• Data extracted from a collection:
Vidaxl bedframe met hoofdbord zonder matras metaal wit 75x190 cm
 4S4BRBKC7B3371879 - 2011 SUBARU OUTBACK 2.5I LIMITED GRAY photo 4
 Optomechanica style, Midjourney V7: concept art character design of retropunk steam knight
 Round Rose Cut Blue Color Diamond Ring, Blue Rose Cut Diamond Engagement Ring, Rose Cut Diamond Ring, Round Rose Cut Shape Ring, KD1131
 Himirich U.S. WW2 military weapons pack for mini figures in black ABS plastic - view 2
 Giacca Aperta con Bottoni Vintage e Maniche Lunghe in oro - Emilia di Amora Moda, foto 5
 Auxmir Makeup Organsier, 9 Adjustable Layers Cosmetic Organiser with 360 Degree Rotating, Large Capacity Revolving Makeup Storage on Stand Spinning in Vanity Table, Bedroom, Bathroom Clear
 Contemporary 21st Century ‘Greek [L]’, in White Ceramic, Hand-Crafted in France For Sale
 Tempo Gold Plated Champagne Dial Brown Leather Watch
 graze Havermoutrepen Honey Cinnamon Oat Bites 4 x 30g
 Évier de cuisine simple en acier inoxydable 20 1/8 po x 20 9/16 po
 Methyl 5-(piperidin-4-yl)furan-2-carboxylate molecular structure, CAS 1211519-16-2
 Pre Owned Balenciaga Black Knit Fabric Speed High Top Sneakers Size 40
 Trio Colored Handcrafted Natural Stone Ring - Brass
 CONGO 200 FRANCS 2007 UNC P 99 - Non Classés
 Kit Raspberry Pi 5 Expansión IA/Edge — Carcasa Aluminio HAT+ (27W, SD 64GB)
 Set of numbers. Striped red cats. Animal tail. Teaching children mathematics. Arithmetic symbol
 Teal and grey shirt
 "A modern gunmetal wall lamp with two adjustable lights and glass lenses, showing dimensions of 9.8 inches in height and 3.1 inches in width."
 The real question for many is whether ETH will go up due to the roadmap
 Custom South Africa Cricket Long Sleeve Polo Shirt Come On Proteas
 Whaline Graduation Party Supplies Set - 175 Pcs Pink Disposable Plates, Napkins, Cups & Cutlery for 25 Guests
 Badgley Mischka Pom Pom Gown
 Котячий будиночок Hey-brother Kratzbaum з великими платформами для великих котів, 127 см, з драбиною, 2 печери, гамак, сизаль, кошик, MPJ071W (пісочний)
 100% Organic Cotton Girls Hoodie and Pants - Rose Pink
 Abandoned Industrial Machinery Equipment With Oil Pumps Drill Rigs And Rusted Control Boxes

• TRY IT:
Each line from the top of the entries above through the line containing "Badgley Mischka Pom Pom Gown" must be transcribed exactly, and no other line may appear.

• TASK RESPONSE:
Vidaxl bedframe met hoofdbord zonder matras metaal wit 75x190 cm
 4S4BRBKC7B3371879 - 2011 SUBARU OUTBACK 2.5I LIMITED GRAY photo 4
 Optomechanica style, Midjourney V7: concept art character design of retropunk steam knight
 Round Rose Cut Blue Color Diamond Ring, Blue Rose Cut Diamond Engagement Ring, Rose Cut Diamond Ring, Round Rose Cut Shape Ring, KD1131
 Himirich U.S. WW2 military weapons pack for mini figures in black ABS plastic - view 2
 Giacca Aperta con Bottoni Vintage e Maniche Lunghe in oro - Emilia di Amora Moda, foto 5
 Auxmir Makeup Organsier, 9 Adjustable Layers Cosmetic Organiser with 360 Degree Rotating, Large Capacity Revolving Makeup Storage on Stand Spinning in Vanity Table, Bedroom, Bathroom Clear
 Contemporary 21st Century ‘Greek [L]’, in White Ceramic, Hand-Crafted in France For Sale
 Tempo Gold Plated Champagne Dial Brown Leather Watch
 graze Havermoutrepen Honey Cinnamon Oat Bites 4 x 30g
 Évier de cuisine simple en acier inoxydable 20 1/8 po x 20 9/16 po
 Methyl 5-(piperidin-4-yl)furan-2-carboxylate molecular structure, CAS 1211519-16-2
 Pre Owned Balenciaga Black Knit Fabric Speed High Top Sneakers Size 40
 Trio Colored Handcrafted Natural Stone Ring - Brass
 CONGO 200 FRANCS 2007 UNC P 99 - Non Classés
 Kit Raspberry Pi 5 Expansión IA/Edge — Carcasa Aluminio HAT+ (27W, SD 64GB)
 Set of numbers. Striped red cats. Animal tail. Teaching children mathematics. Arithmetic symbol
 Teal and grey shirt
 "A modern gunmetal wall lamp with two adjustable lights and glass lenses, showing dimensions of 9.8 inches in height and 3.1 inches in width."
 The real question for many is whether ETH will go up due to the roadmap
 Custom South Africa Cricket Long Sleeve Polo Shirt Come On Proteas
 Whaline Graduation Party Supplies Set - 175 Pcs Pink Disposable Plates, Napkins, Cups & Cutlery for 25 Guests
 Badgley Mischka Pom Pom Gown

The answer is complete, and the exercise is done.